Supplied entries »
---+---
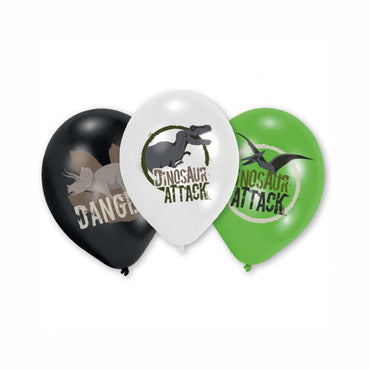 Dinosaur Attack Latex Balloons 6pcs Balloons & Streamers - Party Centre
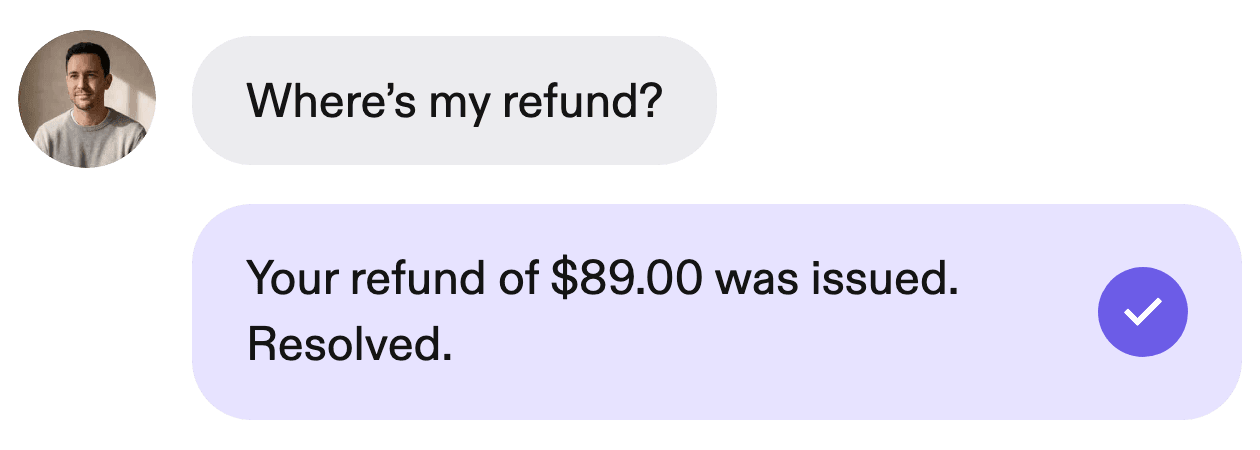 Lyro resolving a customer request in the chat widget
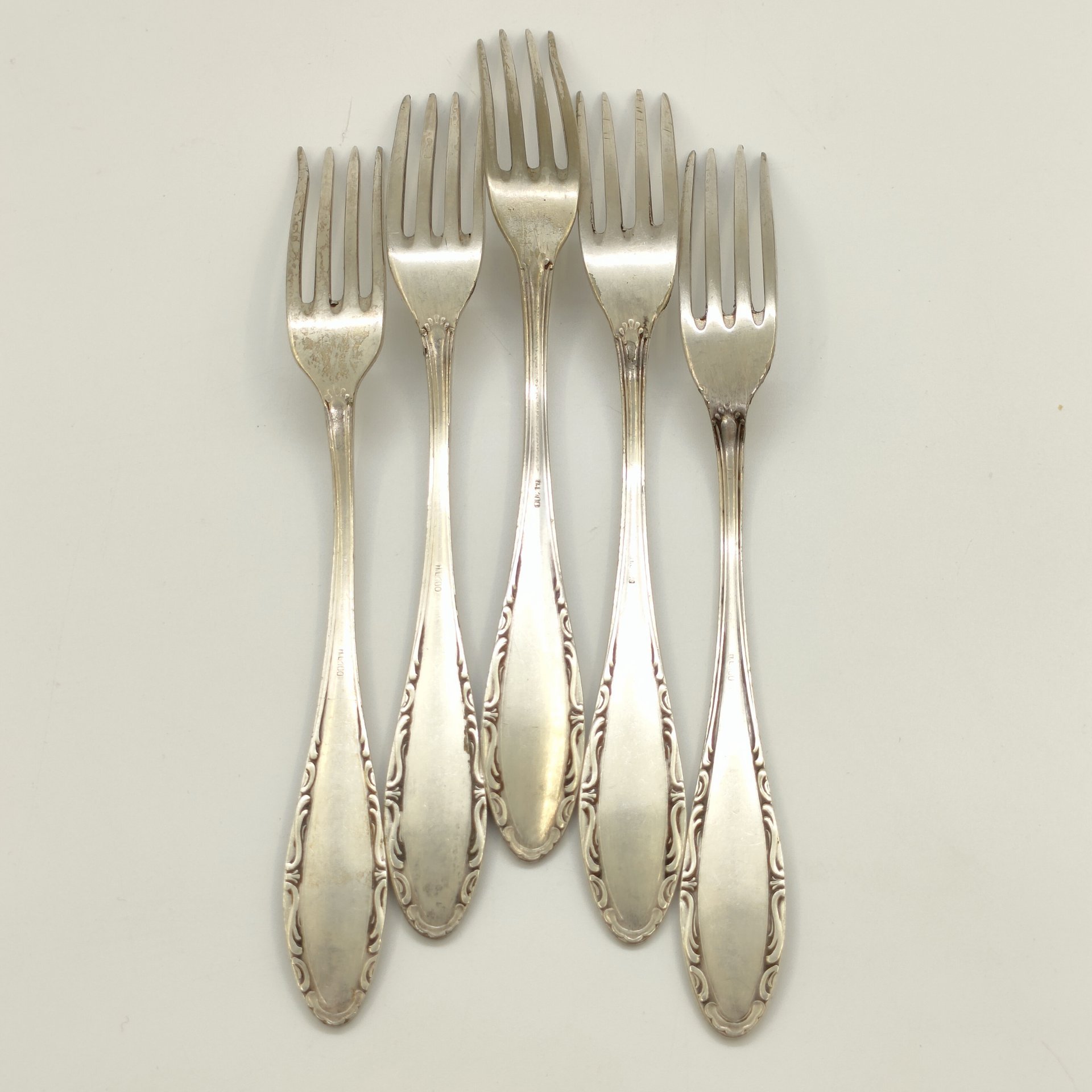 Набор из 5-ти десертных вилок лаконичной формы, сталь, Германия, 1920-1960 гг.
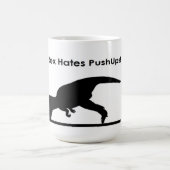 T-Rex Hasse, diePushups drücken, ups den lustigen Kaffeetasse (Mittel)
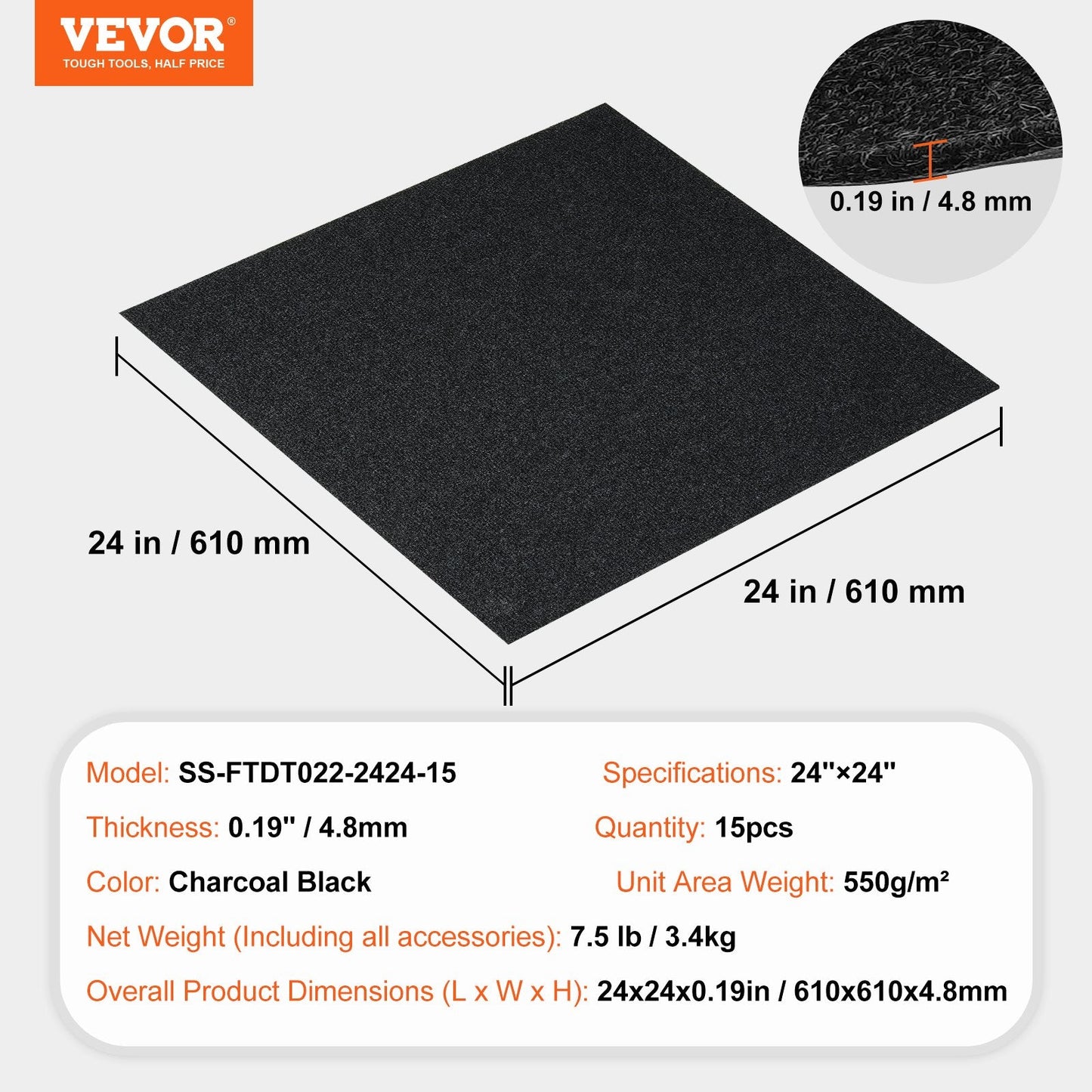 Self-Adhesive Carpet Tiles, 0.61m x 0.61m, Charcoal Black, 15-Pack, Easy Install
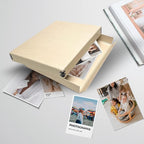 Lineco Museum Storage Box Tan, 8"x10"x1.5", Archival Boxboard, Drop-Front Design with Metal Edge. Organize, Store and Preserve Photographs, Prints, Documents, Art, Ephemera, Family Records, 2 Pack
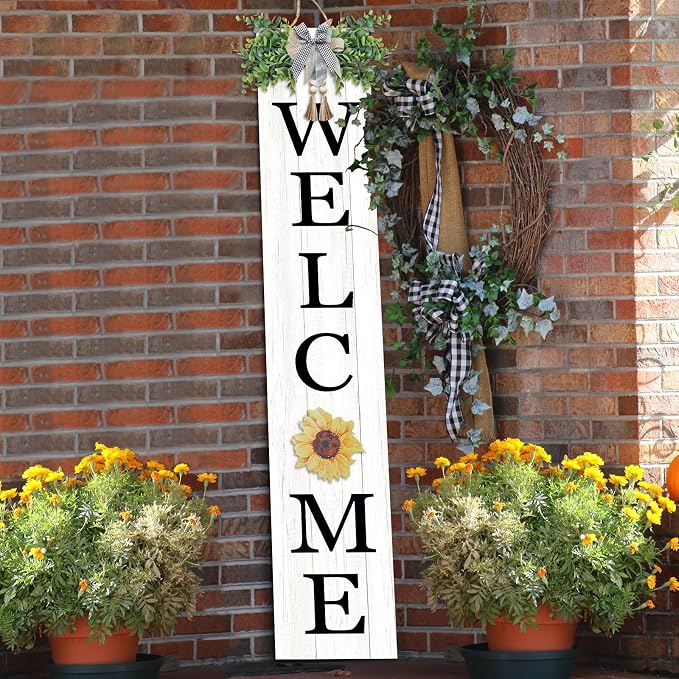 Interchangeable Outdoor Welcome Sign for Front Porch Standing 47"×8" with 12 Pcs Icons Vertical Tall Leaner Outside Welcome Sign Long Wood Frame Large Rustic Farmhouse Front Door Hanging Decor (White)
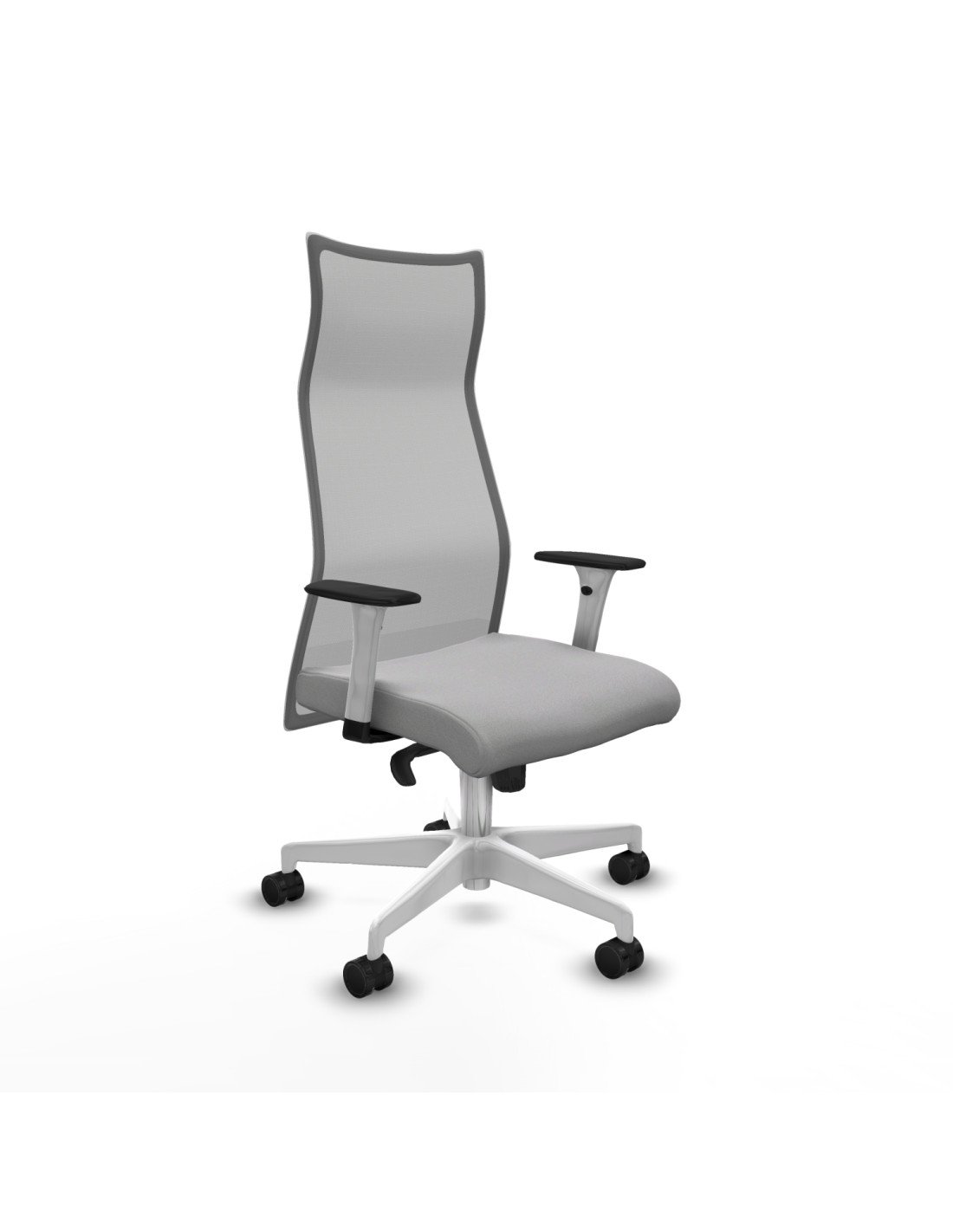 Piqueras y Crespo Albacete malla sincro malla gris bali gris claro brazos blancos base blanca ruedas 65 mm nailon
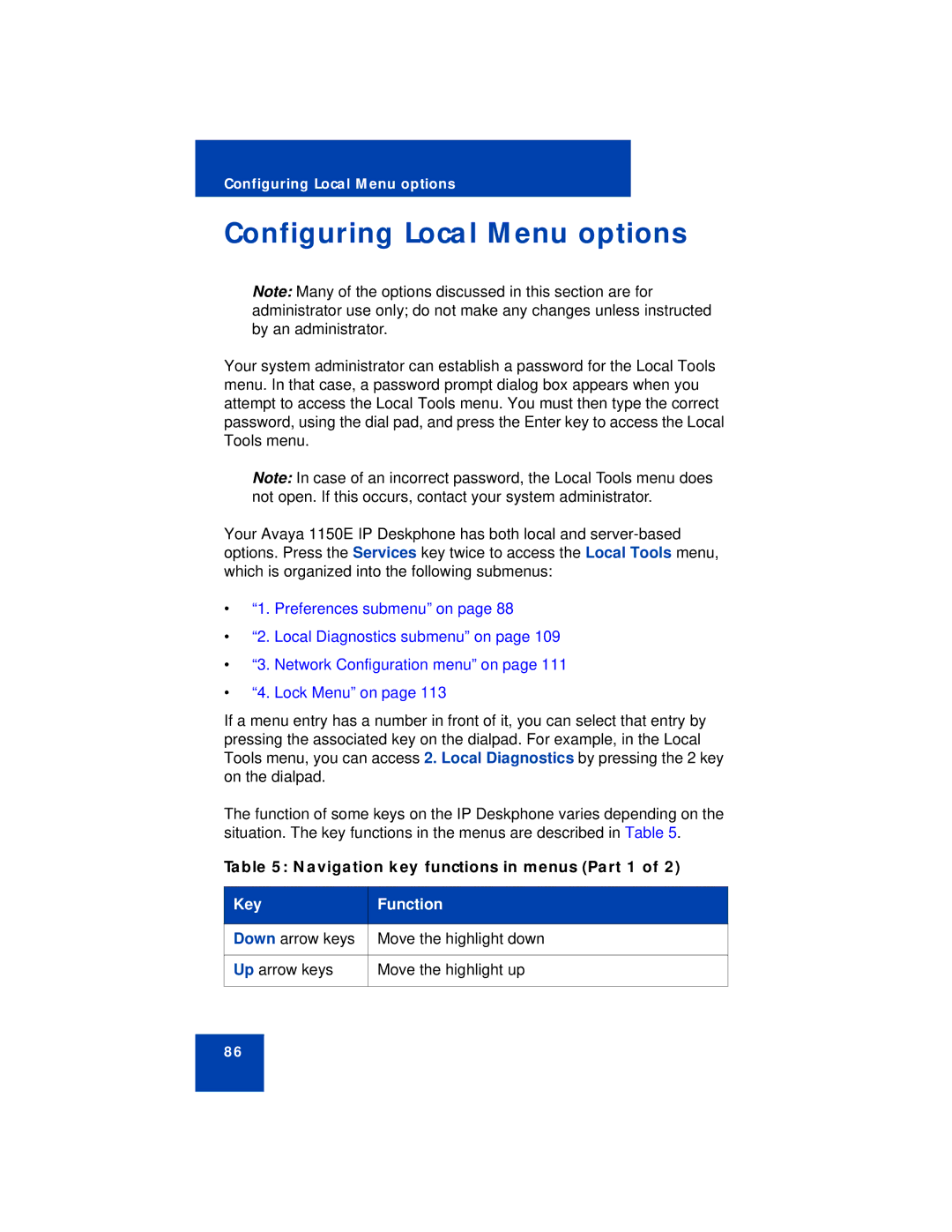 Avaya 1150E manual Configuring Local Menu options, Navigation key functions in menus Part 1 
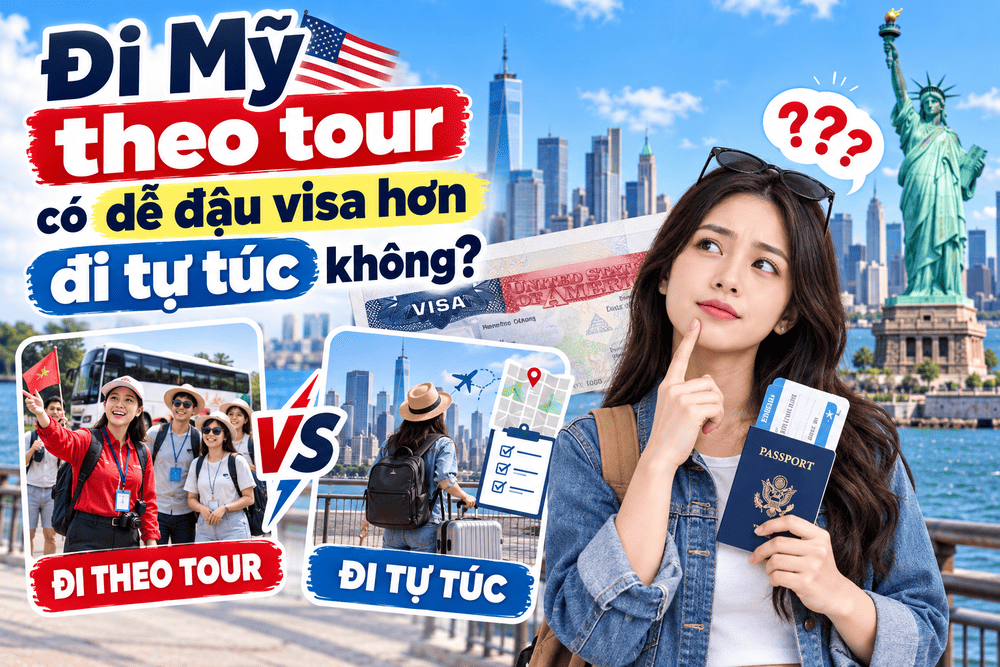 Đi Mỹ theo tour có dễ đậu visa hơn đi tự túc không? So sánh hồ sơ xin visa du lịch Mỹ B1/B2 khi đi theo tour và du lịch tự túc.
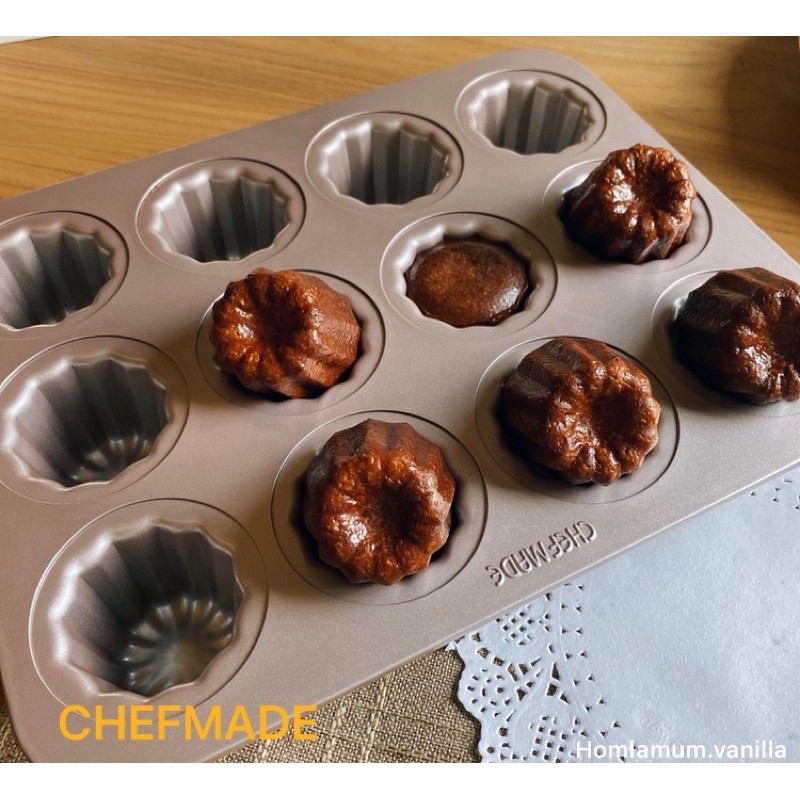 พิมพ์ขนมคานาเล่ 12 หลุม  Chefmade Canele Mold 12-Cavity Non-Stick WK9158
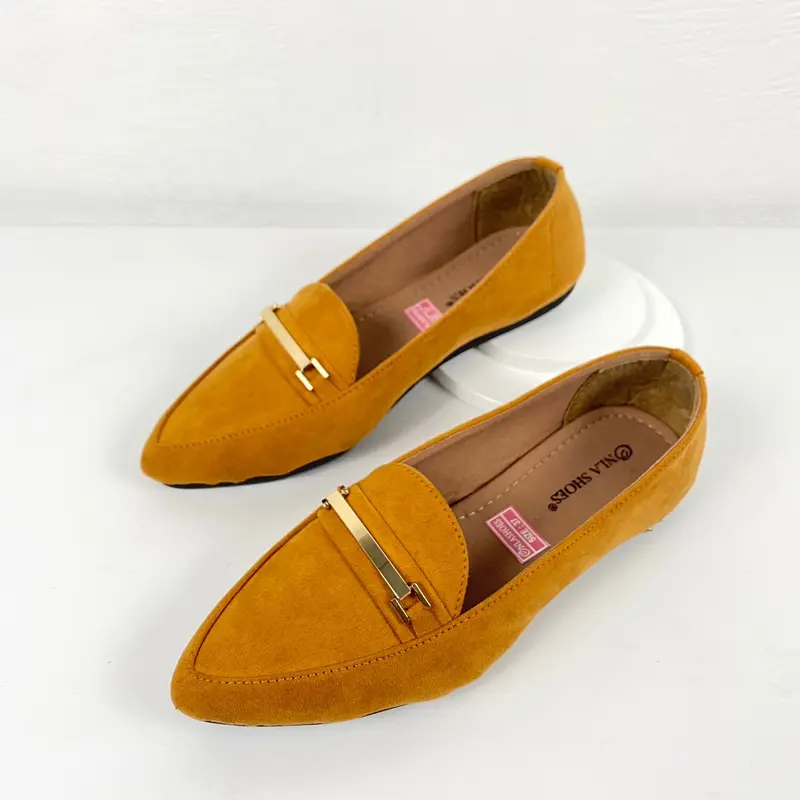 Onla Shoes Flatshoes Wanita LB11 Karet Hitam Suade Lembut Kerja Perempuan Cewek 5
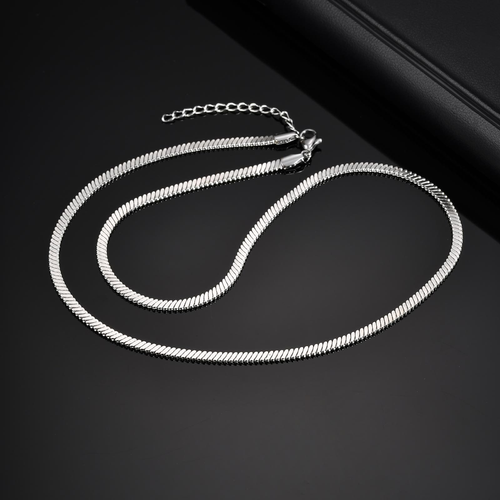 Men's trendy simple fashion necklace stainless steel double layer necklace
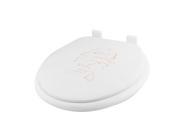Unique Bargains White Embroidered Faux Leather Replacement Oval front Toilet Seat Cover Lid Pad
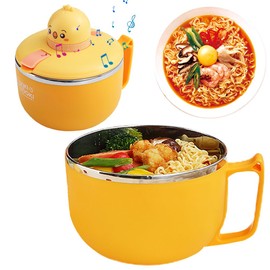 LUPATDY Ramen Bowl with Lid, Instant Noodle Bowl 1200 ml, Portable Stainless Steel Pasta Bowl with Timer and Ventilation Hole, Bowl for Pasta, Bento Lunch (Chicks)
---+---
Set down all records verbatim, omitting images.

Written response »
 Dinosaur Attack Latex Balloons 6pcs Balloons & Streamers - Party Centre
 Lyro resolving a customer request in the chat widget
 Набор из 5-ти десертных вилок лаконичной формы, сталь, Германия, 1920-1960 гг.
 T-Rex Hasse, diePushups drücken, ups den lustigen Kaffeetasse (Mittel)
 Self-Adhesive Carpet Tiles, 0.61m x 0.61m, Charcoal Black, 15-Pack, Easy Install
 Lineco Museum Storage Box Tan, 8"x10"x1.5", Archival Boxboard, Drop-Front Design with Metal Edge. Organize, Store and Preserve Photographs, Prints, Documents, Art, Ephemera, Family Records, 2 Pack
 Interchangeable Outdoor Welcome Sign for Front Porch Standing 47"×8" with 12 Pcs Icons Vertical Tall Leaner Outside Welcome Sign Long Wood Frame Large Rustic Farmhouse Front Door Hanging Decor (White)
 Piqueras y Crespo Albacete malla sincro malla gris bali gris claro brazos blancos base blanca ruedas 65 mm nailon
 Avaya 1150E manual Configuring Local Menu options, Navigation key functions in menus Part 1 
 Đi Mỹ theo tour có dễ đậu visa hơn đi tự túc không? So sánh hồ sơ xin visa du lịch Mỹ B1/B2 khi đi theo tour và du lịch tự túc.
 พิมพ์ขนมคานาเล่ 12 หลุม  Chefmade Canele Mold 12-Cavity Non-Stick WK9158
 Onla Shoes Flatshoes Wanita LB11 Karet Hitam Suade Lembut Kerja Perempuan Cewek 5
 Men's trendy simple fashion necklace stainless steel double layer necklace
Unique Bargains White Embroidered Faux Leather Replacement Oval front Toilet Seat Cover Lid Pad
 LUPATDY Ramen Bowl with Lid, Instant Noodle Bowl 1200 ml, Portable Stainless Steel Pasta Bowl with Timer and Ventilation Hole, Bowl for Pasta, Bento Lunch (Chicks)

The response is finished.